A parametric equation expresses the coordinates of the points making up a geometric object, such as a line, in terms of one or more parameters. In our exercise, the lines are given in parametric form:

• First Line: \( x = t, \; y = -t + 2, \; z = t + 1 \)
• Second Line: \( x = 2s + 2, \; y = s + 3, \; z = 5s + 6 \)

Here, \(t\) and \(s\) are parameters that vary along the lines. The equations tell us how each coordinate depends on this parameter value.
The main advantage of using parametric equations is they offer a simple way to describe graphical objects, and they are especially powerful in 3D for describing lines, as they allow tracing out points as parameters change.
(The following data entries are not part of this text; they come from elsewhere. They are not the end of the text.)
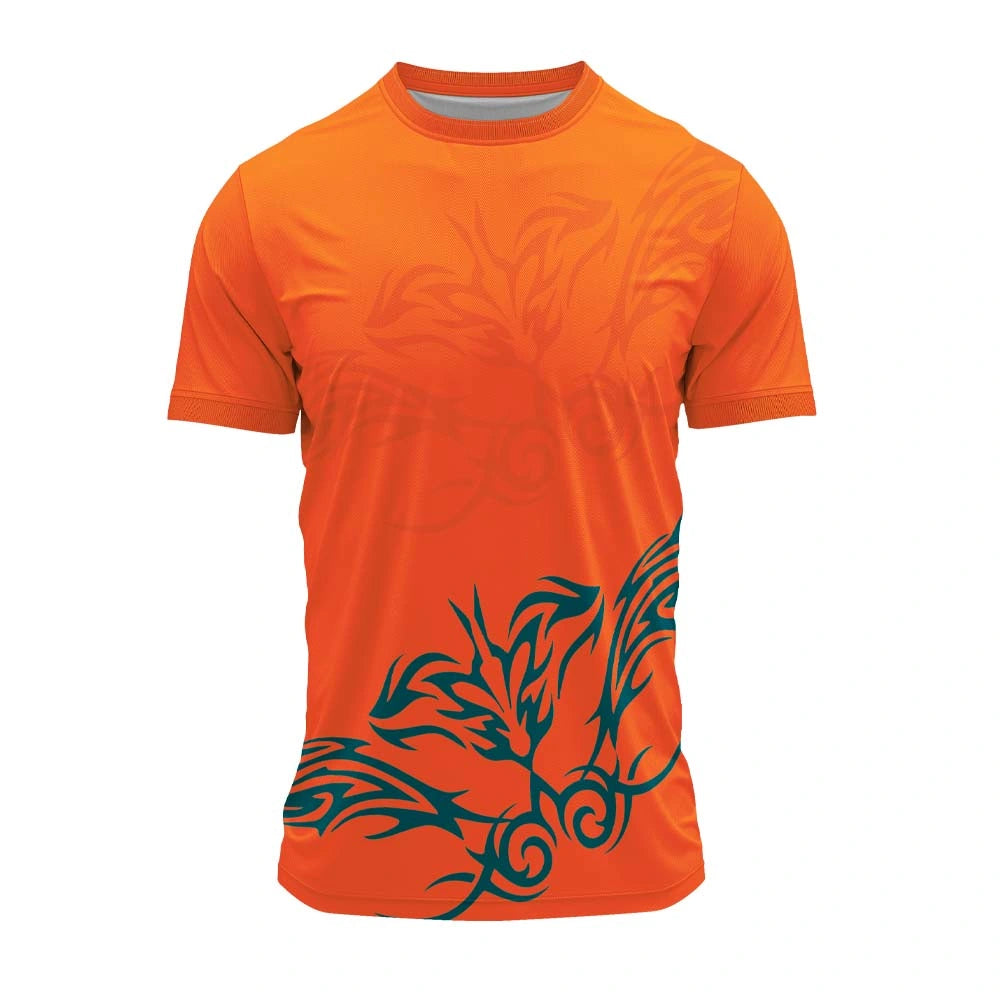 Orange round-neck sports jersey with teal leaf and vine motif on the lower front, front view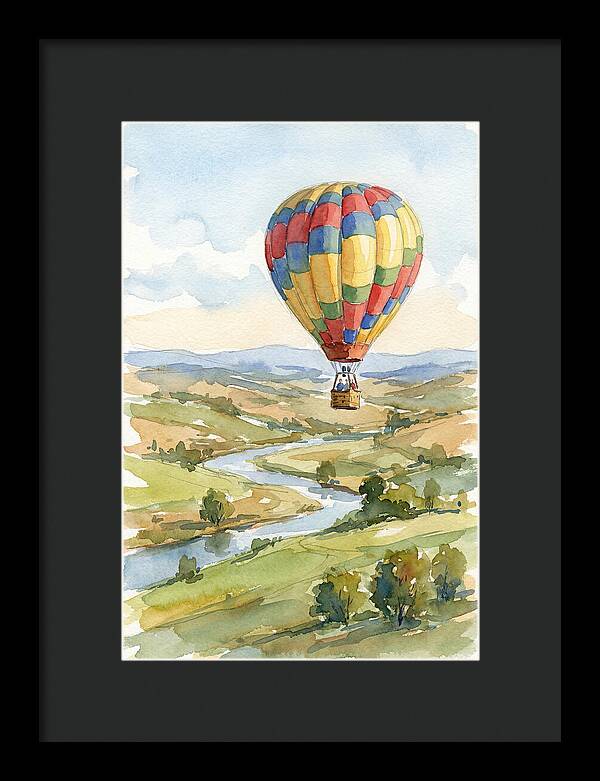 Colorful Hot Air Balloon Over Landscape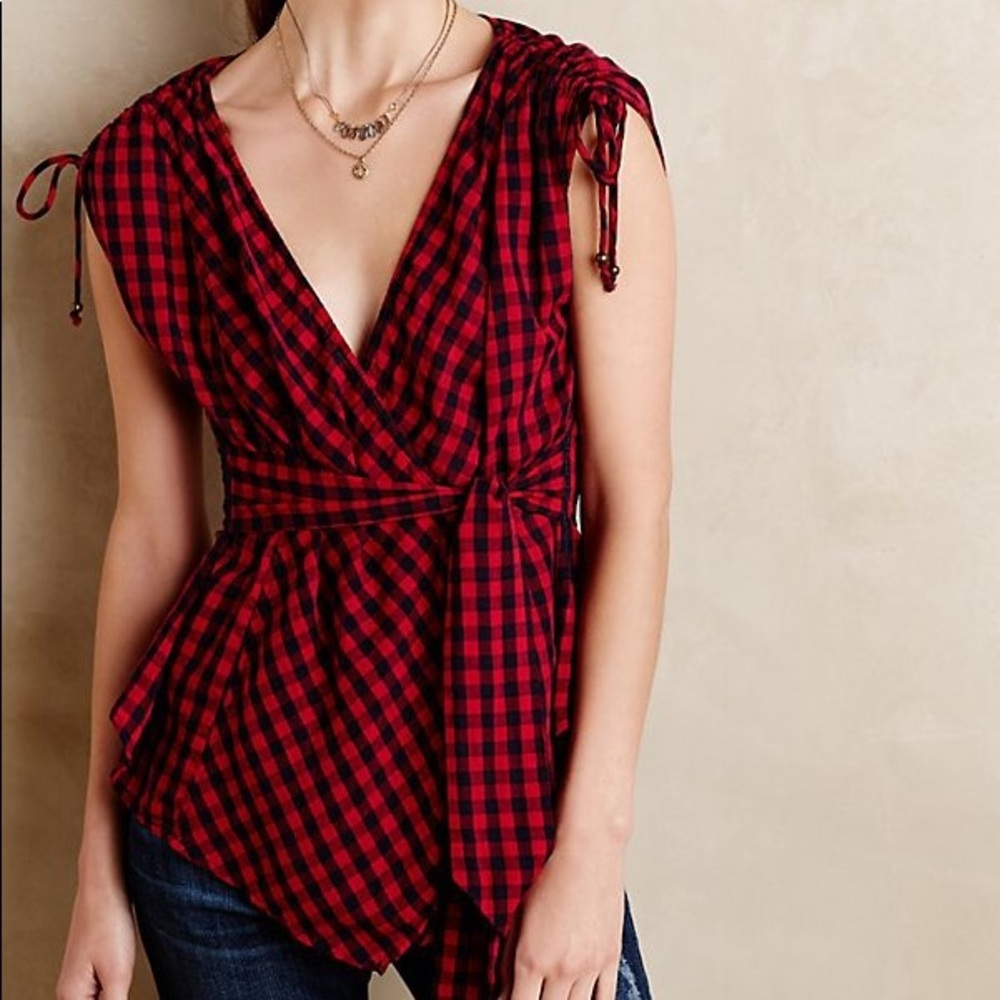 Anthropologie Holding Horses Wrapped Gingham top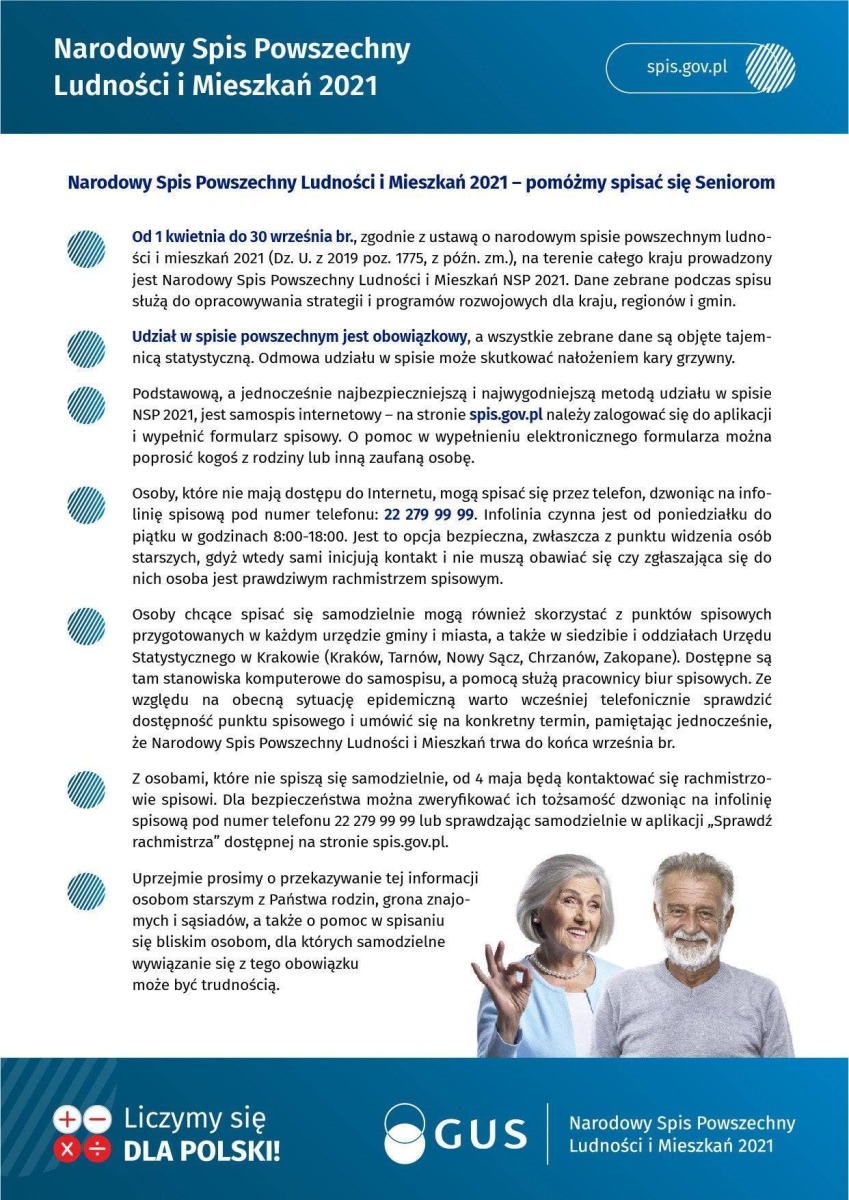 Narodowy Spis Powszechny Ludności i Mieszkań 2021 - pomózmy spisać się seniorom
Direction vectors play a crucial role in understanding parametric equations of lines. A direction vector provides the direction along which the points on the line extend. For each line in our exercise:

• First Line's Direction Vector: \( \langle 1, -1, 1 \rangle \)
• Second Line's Direction Vector: \( \langle 2, 1, 5 \rangle \)

These vectors guide how you trace the lines in space. Imagine them as arrows pointing in the direction your line will extend when the parameter changes.
By examining these vectors, one can determine if two lines are parallel or if they intersect. In our exercise, the intersection is found at a common point by equating the parametric equations.
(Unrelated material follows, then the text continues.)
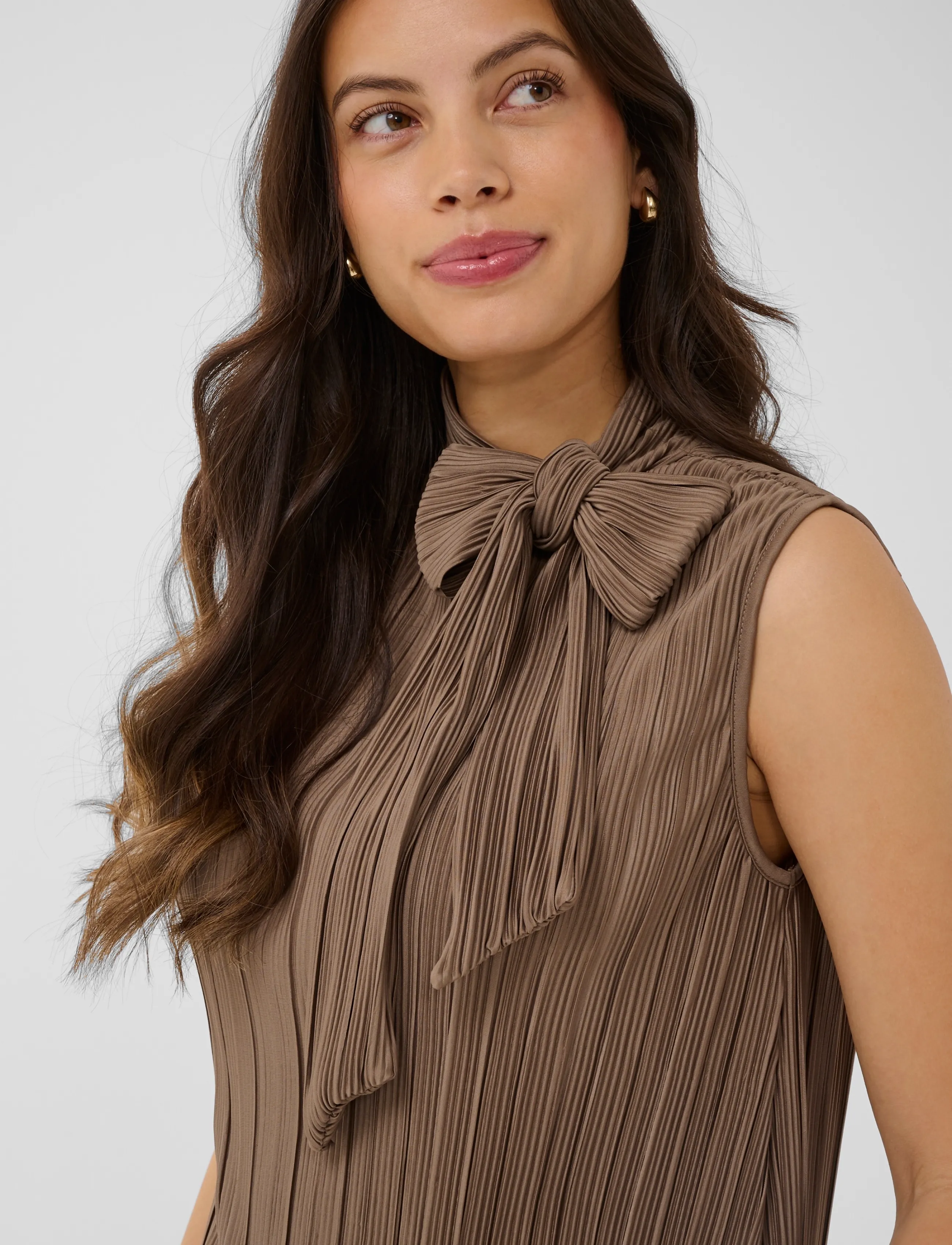 Saint Tropez - ZuniSZ SS Bow Top - Ærmeløse bluser - pine bark - 5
The cross product is a vector operation that takes two vectors and returns a third vector that is perpendicular to the plane containing the first two vectors. In 3D geometry, this is particularly useful for finding a normal vector to a plane.

• Given Vectors: \( \mathbf{v_1} = \langle 1, -1, 1 \rangle \) and \( \mathbf{v_2} = \langle 2, 1, 5 \rangle \)

To find the normal vector, \[ \mathbf{n} = \mathbf{v_1} \times \mathbf{v_2} \] Results in: \( \mathbf{n} = \langle -6, -3, 3 \rangle \)This perpendicular vector is key to defining the plane that contains the intersecting lines. The cross product not only gives direction but also helps in constructing the equation of the plane.

The normal vector is an important concept in 3D geometry, especially when dealing with planes. A normal vector is perpendicular to the plane, and it serves as a key element in the plane's equation.
In the given exercise, we derived the normal vector by taking the cross product of direction vectors from both lines:

• Normal Vector: \( \langle -6, -3, 3 \rangle \)

This vector is vital because it allows us to form the plane's equation using the point of intersection. The plane's equation has the form: \[ ax + by + cz = d \]where \((a, b, c)\) are the components of our normal vector.
This simplifies the process of representing the plane's orientation and position in space, translating our understanding of the problem into a mathematical language highly useful for solving geometry problems.